Segment Start: DATASET EXTRACT
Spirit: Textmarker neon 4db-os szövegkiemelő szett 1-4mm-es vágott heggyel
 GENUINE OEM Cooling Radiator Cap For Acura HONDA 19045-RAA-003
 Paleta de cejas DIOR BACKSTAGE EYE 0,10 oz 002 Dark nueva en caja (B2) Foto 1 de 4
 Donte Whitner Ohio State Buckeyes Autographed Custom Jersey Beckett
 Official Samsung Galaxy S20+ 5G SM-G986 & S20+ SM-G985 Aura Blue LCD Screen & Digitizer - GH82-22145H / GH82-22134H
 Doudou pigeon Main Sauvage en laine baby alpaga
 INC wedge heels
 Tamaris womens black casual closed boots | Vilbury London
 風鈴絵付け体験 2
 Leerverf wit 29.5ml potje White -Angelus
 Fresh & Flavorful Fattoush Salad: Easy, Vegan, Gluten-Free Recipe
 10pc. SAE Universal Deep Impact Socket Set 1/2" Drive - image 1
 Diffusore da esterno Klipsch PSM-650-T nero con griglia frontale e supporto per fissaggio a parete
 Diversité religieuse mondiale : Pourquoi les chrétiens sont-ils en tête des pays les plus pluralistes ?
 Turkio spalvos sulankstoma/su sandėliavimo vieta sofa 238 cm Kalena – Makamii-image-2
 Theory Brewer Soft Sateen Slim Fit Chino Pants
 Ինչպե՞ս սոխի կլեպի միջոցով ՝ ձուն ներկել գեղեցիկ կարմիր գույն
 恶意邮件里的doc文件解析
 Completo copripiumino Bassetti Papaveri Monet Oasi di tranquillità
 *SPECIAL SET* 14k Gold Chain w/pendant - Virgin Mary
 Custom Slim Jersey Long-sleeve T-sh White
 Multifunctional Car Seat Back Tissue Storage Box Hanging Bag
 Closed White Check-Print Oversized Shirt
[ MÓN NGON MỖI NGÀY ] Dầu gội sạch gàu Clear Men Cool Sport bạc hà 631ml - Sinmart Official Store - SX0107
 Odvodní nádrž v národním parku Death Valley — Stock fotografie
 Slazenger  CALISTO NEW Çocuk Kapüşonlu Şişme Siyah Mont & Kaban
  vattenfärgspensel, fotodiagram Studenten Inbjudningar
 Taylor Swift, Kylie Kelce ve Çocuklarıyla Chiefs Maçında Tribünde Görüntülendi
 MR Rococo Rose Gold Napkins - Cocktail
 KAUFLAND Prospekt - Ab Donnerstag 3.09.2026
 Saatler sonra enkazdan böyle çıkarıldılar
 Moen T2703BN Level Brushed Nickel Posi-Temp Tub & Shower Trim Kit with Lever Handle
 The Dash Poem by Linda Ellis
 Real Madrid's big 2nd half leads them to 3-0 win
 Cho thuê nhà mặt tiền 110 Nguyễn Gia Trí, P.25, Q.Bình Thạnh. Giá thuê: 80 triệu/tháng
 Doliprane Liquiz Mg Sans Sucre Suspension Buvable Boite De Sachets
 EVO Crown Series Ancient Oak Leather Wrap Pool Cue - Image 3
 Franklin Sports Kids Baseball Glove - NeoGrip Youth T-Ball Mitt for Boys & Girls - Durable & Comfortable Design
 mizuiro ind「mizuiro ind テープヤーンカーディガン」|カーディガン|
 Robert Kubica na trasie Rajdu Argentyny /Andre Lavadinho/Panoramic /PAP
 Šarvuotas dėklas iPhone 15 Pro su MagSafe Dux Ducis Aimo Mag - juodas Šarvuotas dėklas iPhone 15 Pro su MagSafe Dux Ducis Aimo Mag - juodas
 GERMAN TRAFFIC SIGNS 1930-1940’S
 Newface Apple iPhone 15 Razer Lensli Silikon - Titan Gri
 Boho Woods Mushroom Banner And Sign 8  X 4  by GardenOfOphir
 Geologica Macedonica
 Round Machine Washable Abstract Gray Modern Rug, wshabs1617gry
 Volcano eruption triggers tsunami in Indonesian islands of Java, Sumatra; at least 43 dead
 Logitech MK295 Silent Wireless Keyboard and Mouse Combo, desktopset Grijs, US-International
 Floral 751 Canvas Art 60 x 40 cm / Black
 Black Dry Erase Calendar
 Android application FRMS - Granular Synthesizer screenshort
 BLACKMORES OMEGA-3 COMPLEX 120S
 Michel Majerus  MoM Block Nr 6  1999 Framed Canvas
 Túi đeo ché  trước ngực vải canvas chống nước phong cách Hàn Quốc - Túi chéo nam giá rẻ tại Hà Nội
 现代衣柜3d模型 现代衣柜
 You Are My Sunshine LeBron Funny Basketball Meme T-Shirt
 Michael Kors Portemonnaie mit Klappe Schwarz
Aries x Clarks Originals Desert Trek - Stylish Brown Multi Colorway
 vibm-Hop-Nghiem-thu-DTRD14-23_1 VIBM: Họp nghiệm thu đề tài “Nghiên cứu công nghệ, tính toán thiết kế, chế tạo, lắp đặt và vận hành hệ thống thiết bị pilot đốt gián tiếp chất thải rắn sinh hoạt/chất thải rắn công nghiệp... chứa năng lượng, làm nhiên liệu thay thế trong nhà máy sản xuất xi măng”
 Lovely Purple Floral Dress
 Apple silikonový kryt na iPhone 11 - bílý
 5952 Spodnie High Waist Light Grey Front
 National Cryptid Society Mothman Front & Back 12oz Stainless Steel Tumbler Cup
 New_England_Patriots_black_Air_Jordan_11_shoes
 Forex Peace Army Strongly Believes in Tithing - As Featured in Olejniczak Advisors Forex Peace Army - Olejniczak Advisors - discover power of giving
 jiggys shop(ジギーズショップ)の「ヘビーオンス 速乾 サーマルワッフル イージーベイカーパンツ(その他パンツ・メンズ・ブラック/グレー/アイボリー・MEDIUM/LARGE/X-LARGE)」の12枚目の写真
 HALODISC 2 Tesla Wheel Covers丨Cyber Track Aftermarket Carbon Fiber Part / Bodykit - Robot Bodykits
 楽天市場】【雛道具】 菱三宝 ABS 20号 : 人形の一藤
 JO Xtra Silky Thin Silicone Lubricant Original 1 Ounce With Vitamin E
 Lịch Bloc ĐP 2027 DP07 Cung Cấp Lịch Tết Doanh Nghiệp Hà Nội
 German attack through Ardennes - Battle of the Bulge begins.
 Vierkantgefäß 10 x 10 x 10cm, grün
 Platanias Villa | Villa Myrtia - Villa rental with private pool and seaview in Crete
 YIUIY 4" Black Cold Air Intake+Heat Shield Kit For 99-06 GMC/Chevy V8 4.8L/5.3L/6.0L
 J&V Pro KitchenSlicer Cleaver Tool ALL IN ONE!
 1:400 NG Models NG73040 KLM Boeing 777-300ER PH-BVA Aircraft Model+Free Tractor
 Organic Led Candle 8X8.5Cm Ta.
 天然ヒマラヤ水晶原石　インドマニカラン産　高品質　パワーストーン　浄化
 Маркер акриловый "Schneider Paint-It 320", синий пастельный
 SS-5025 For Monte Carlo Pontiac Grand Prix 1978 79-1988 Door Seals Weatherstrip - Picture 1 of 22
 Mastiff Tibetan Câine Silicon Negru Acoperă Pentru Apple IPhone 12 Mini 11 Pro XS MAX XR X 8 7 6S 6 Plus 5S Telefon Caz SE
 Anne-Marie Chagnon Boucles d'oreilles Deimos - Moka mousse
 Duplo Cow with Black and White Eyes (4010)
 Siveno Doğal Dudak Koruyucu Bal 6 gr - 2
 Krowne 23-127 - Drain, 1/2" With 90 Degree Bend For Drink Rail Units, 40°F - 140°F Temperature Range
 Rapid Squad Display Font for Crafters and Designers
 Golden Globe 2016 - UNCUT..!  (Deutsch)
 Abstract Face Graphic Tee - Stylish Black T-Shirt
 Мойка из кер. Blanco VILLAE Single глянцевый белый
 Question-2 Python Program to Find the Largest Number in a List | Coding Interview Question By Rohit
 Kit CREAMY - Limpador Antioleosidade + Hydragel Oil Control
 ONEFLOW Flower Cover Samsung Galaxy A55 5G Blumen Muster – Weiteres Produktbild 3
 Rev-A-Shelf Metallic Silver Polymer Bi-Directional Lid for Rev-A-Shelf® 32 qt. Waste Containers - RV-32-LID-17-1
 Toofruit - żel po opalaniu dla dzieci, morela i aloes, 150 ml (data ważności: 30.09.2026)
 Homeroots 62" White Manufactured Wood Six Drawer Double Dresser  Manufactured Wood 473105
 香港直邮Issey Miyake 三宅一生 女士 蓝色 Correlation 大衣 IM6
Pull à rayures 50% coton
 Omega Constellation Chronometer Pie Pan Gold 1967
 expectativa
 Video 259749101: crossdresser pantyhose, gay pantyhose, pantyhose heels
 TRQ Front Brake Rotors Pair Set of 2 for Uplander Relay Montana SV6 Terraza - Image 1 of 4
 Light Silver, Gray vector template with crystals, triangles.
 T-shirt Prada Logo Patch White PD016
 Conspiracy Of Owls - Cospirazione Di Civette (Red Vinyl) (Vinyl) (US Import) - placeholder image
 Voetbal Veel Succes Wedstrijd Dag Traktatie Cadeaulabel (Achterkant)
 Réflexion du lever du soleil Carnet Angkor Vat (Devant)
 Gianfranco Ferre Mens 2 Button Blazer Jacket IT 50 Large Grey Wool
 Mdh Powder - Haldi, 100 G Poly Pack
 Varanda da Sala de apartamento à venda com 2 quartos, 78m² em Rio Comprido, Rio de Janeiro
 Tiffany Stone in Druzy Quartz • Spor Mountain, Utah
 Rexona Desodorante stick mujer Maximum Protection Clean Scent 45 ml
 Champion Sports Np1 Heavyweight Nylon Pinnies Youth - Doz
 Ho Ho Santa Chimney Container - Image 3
Segment End: DATASET EXTRACT
INSTRUCTIONS TO FOLLOW = Extract, please, the lines from the start of the entries above through the one with "Diversité religieuse mondiale", both included, reproducing each exactly and adding nothing.

FINISHED EXERCISE =
Spirit: Textmarker neon 4db-os szövegkiemelő szett 1-4mm-es vágott heggyel
 GENUINE OEM Cooling Radiator Cap For Acura HONDA 19045-RAA-003
 Paleta de cejas DIOR BACKSTAGE EYE 0,10 oz 002 Dark nueva en caja (B2) Foto 1 de 4
 Donte Whitner Ohio State Buckeyes Autographed Custom Jersey Beckett
 Official Samsung Galaxy S20+ 5G SM-G986 & S20+ SM-G985 Aura Blue LCD Screen & Digitizer - GH82-22145H / GH82-22134H
 Doudou pigeon Main Sauvage en laine baby alpaga
 INC wedge heels
 Tamaris womens black casual closed boots | Vilbury London
 風鈴絵付け体験 2
 Leerverf wit 29.5ml potje White -Angelus
 Fresh & Flavorful Fattoush Salad: Easy, Vegan, Gluten-Free Recipe
 10pc. SAE Universal Deep Impact Socket Set 1/2" Drive - image 1
 Diffusore da esterno Klipsch PSM-650-T nero con griglia frontale e supporto per fissaggio a parete
 Diversité religieuse mondiale : Pourquoi les chrétiens sont-ils en tête des pays les plus pluralistes ?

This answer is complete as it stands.